I'm using Postgres 9.5 and I have a column, named phones, of type text[].
I need to find all rows where this column contains duplicates.

I've found this extremely useful set of functions https://github.com/JDBurnZ/postgresql-anyarray and I could use this particular function https://github.com/JDBurnZ/postgresql-anyarray/blob/master/stable/anyarray_uniq.sql

select * from user_info 
where anyarray_uniq(phones) <> phones

I was wondering though if there is a faster way of achieving what I want.
Maybe unnesting the array and using the window functionality would be better? Although I can find my way around SQL, I'm new to Postgres' specific best practices, so any help is welcome.

Is this better suited for CodeReview?

Best Answer

1) Function anyarray_uniq can be simplified in several ways to make it faster (note that in the function's body the input parameter can be accessed not only by the name but also by the number: $<n>):

create or replace function array_deldup1(anyarray) returns anyarray as $body$
declare
  result $1%type = '{}';
  i int;
begin
  for i in array_lower($1, 1)..array_upper($1, 1) loop
    if array_position(result, $1[i]) is null then -- function was introduced in 9.5 version 
      result := result || $1[i];
    end if;
  end loop;
  return result;
end $body$ language plpgsql immutable;

or yet simpler using pure SQL:

create or replace function array_deldup2(anyarray) returns anyarray as $body$
  select array_agg(x order by n) 
  from (
    select distinct on (x) x, n 
    from unnest($1) with ordinality as t(x,n) order by x, n) as t(x,n);
$body$ language sql immutable;

Second one is slower then first but still faster then the original on my tests.

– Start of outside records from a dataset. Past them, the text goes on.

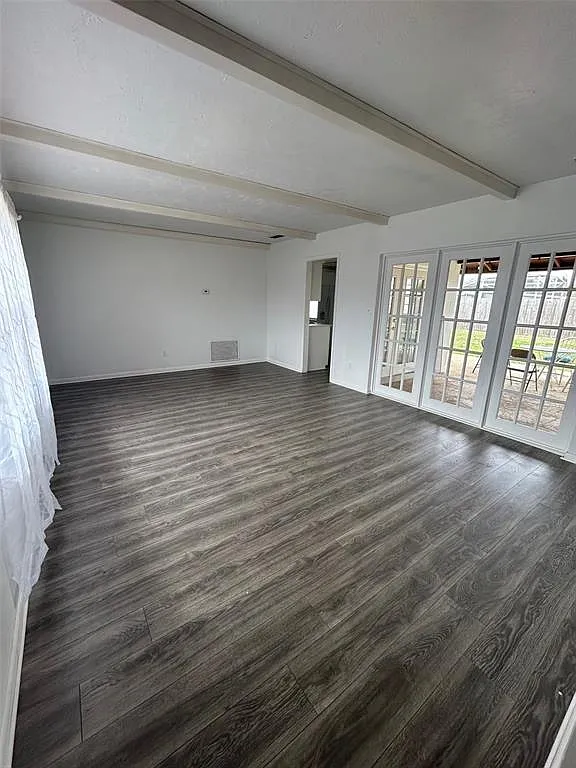 3 bed, 2.0 bath, 1295 sqft, $1,995 — Photo 2
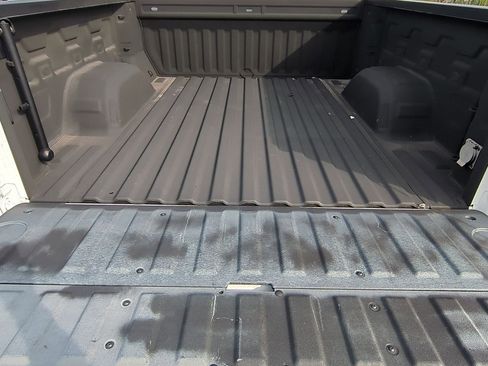 Used 2022 GMC Sierra 1500 Elevation image 25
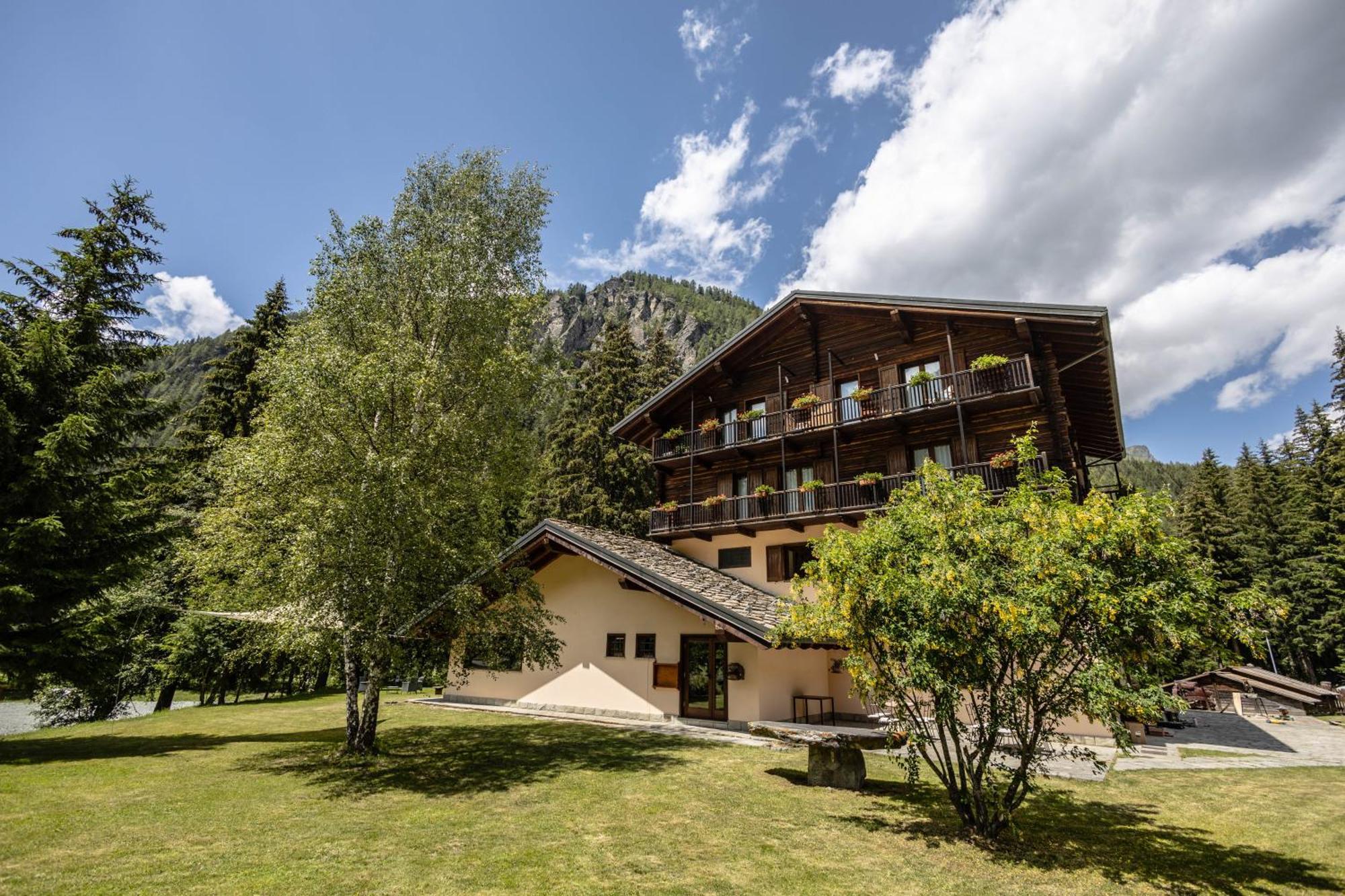 Alpine Forest Hotel Шамполюк Екстер'єр фото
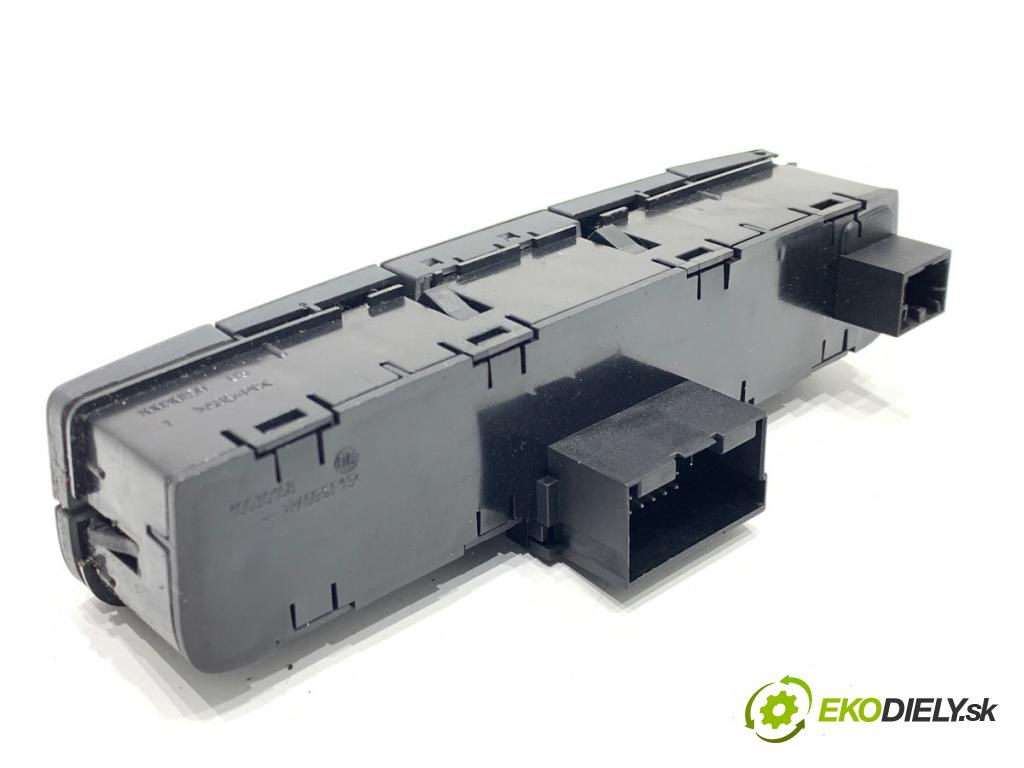 SEAT IBIZA IV liftback 2009 51 kW 1.2 1198 Spínač svetiel výstražných (núdzových) 6J0927137 (Prepínacie páčky pod volantom)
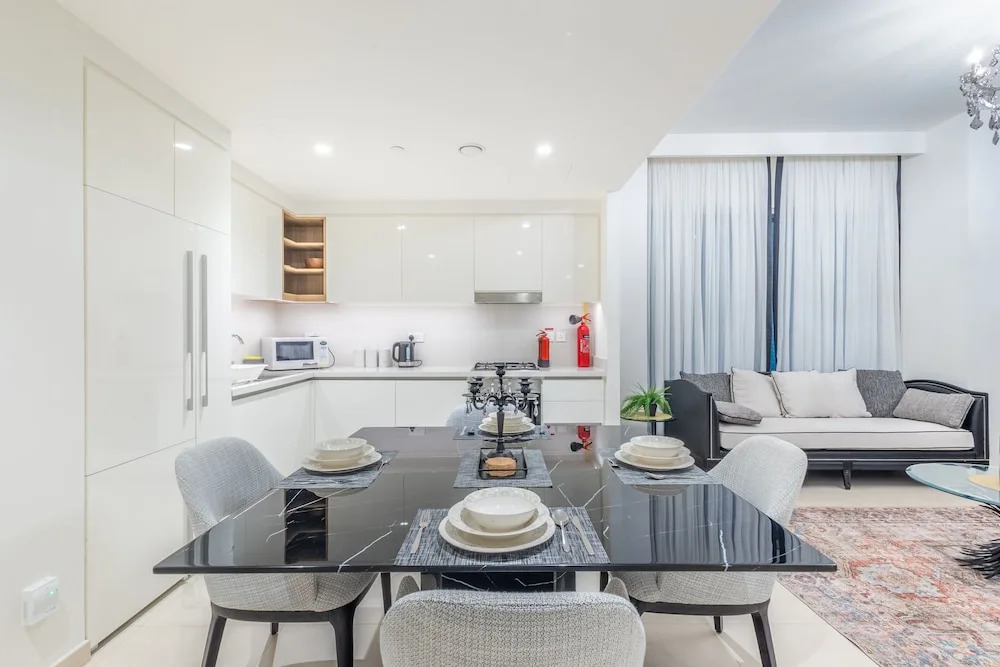 SuperHost - Downtown Delight 2BR Apt Opposite Burj Khalifa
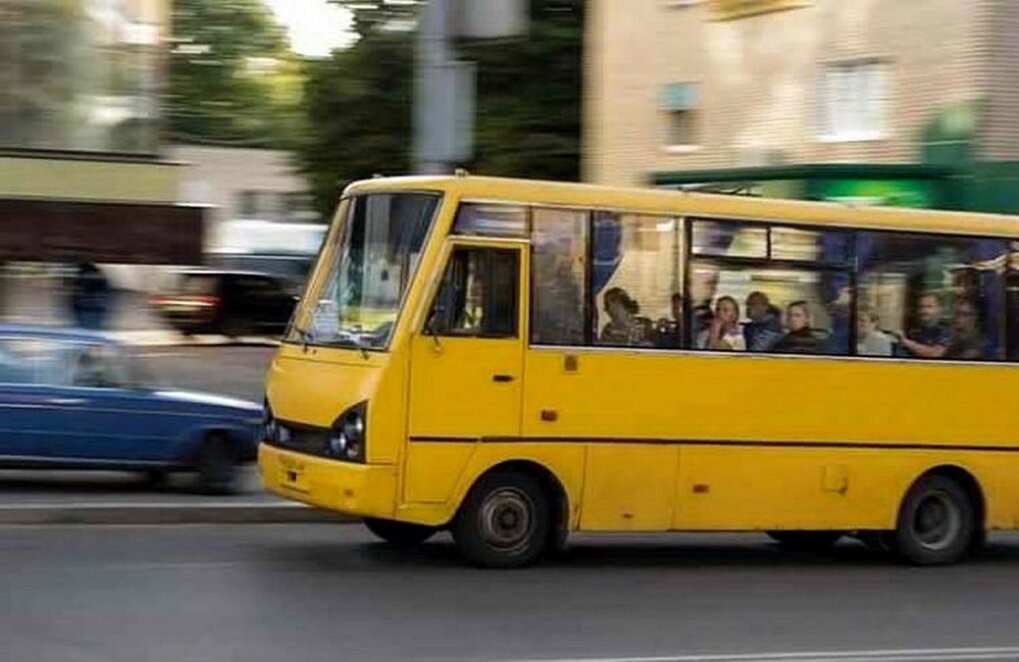 Жінка випала з маршрутки на ходу: на Одещині затримали водія транспортного засобу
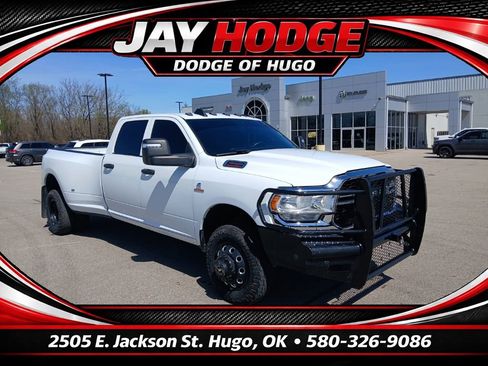 Used 2024 RAM 3500 Tradesman w/ Chrome Appearance Group image 1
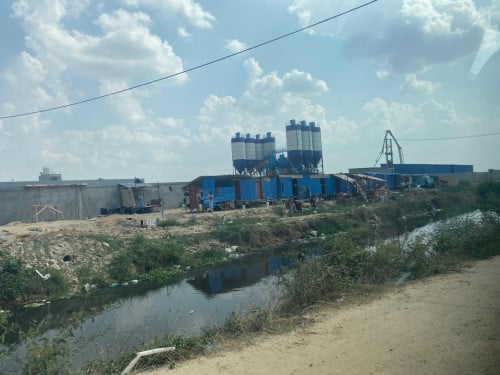 ដីលក់បន្ទាន់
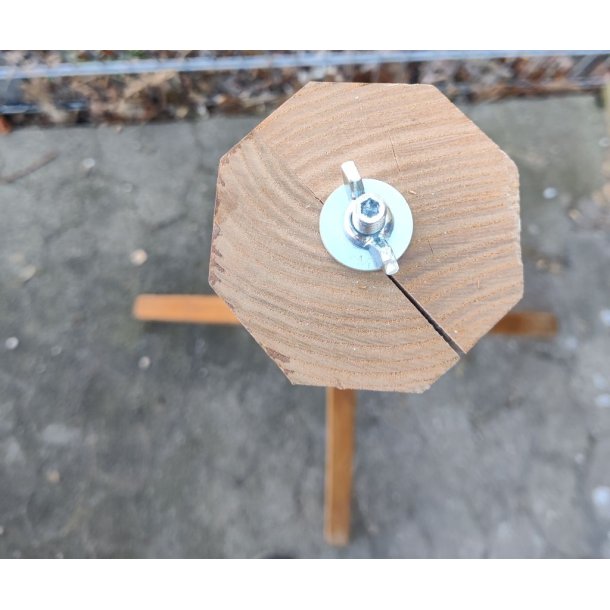 Stor kraftig egetr fod til foderhuse.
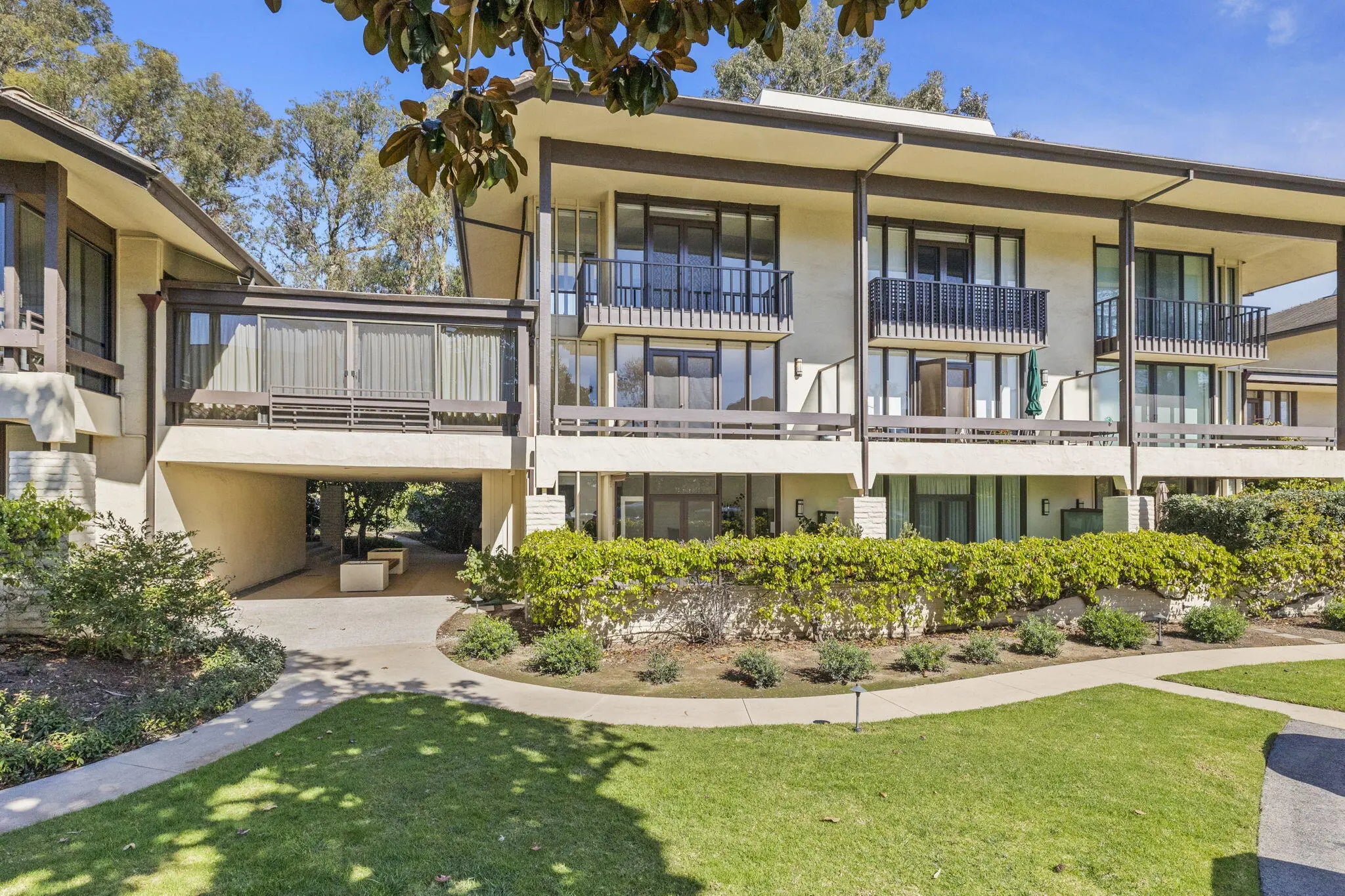 Photo of Listing #25-840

Those functions doing exactly the same thing as anyarray_uniq (removes duplicates and keeps the order of the elements), but for your purpose the order is irrelevant, so the simplest way (using function) is

create or replace function array_deldup3(anyarray) returns anyarray as $body$
  select array_agg(distinct x) from unnest($1) t(x);
  -- Or yet another syntax doing the same thing:
  -- select array(select distinct unnest($1));
$body$ language sql immutable;

and now because the elements order changed you should to compare the arrays length instead of its content:

select * from user_info
where array_length(array_deldup3(phones), 1) <> array_length(phones, 1)

2) To achieve your goal you are doing ambiguous work by calling the function (it is also slowing down the query performance), calculating the result as array without duplicates and finally comparing two arrays. The actual goal is to compare the whole array length against the count of the distinct values:

select * from user_info 
where (select count(x) <> count(distinct x) from unnest(phones) as t(x))

Upd:
3) When you fix your data using one of the functions above

update user_info set phones = array_deldup<n>(phones);

you can avoid those situation by creating constraint on the field:

create or replace function array_havedup(anyarray) returns boolean as $body$
  select count(x) <> count(distinct x) from unnest($1) as t(x);
$body$ language sql immutable;

alter table user_info add constraint chk_user_info_phone check (not array_havedup(phones));

Actually you can use this function in the question's query:

select * from user_info where array_havedup(phones); -- Simple, isn't it?

4) Try to follow to the common database designing rules called "database normalization". The example you provided is exactly about the First and Second normal forms.

Let's imagine that you need the phone's additional info like "home/work/mobile", "internal code", "availability time" and so on. Using your current design it can be problematic.